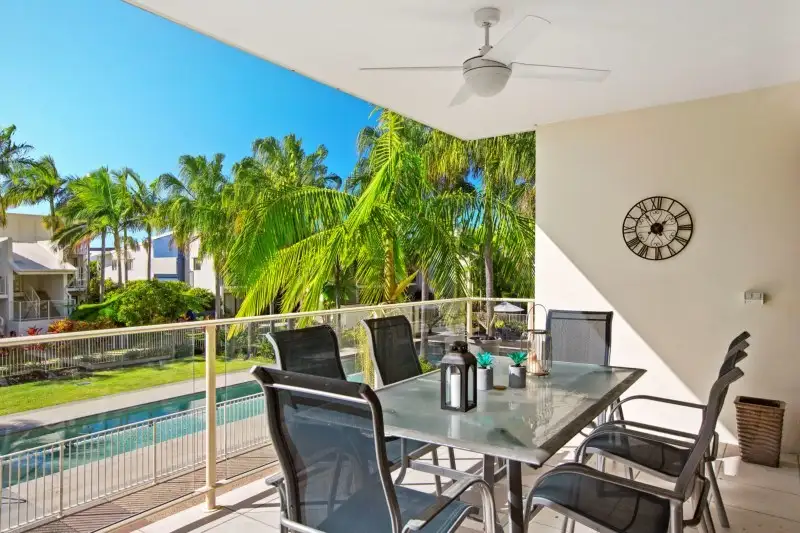 Main view of Homely unit listing, 25/1 Grenada Way, Parrearra QLD 4575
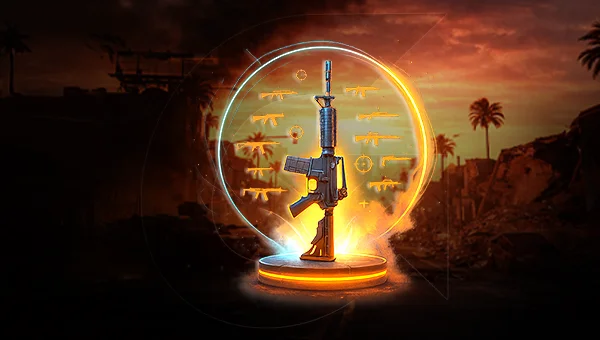 All Weapons Max Mastery Bundle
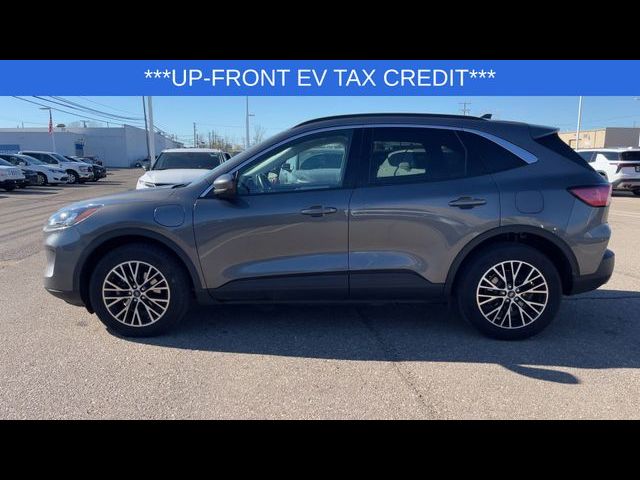 2021 Ford Escape Plug-In Hybrid SEL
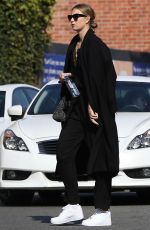 MARIA SHARAPOVA Out and About in West Hollywood 03/22/2019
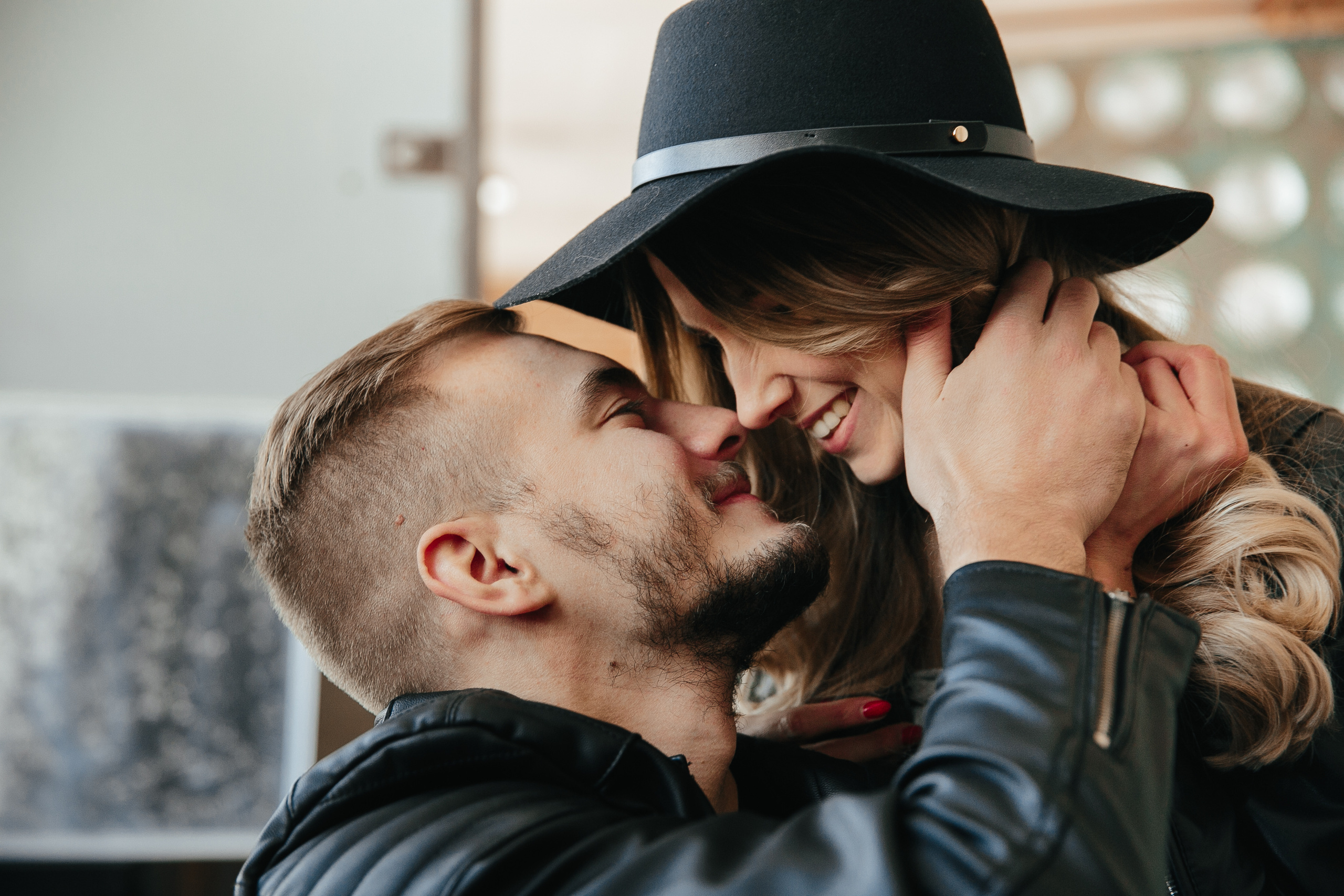 Love story с собакой в студии. Саша Потапкин Фотограф. Сочи, Екатеринбург, Москва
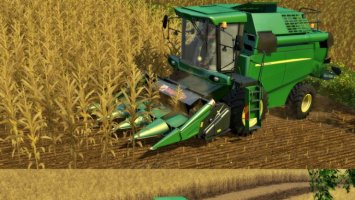 John Deere W330 ls15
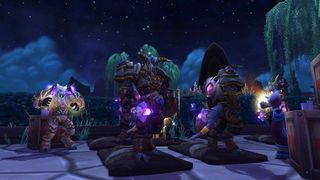 World of Warcraft Warlords of Draenor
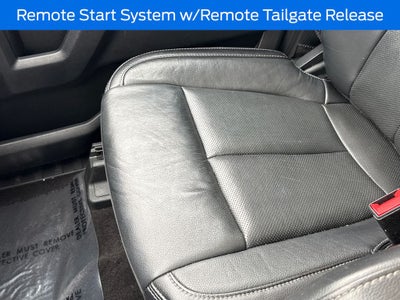 2020 Ford F-150 Lariat Blue Certified 4WD Near Milwaukee WI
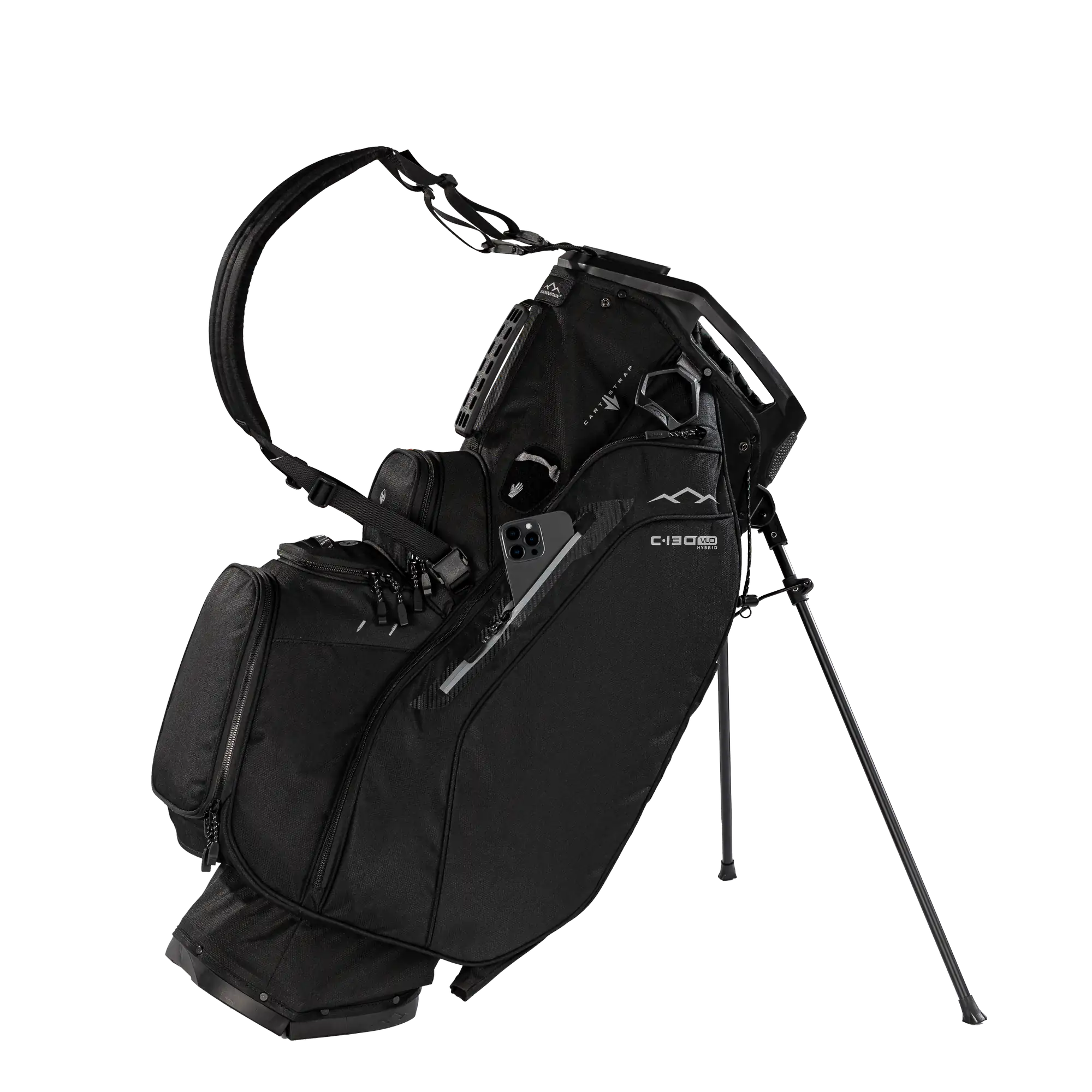 C-Series C-130 VLO Hybrid Stand Bag – Sun Mountain Sports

☆ ☆ ☆ ☆ ☆ ☆ ☆

__DIRECTIONS FOR THIS TASK__.
With the pictures removed, write out exactly the lines from the line containing "Love story с" through the last line of the material above, both included.

__WORKED SOLUTION__.
 Love story с собакой в студии. Саша Потапкин Фотограф. Сочи, Екатеринбург, Москва
 John Deere W330 ls15
 World of Warcraft Warlords of Draenor
 2020 Ford F-150 Lariat Blue Certified 4WD Near Milwaukee WI
 C-Series C-130 VLO Hybrid Stand Bag – Sun Mountain Sports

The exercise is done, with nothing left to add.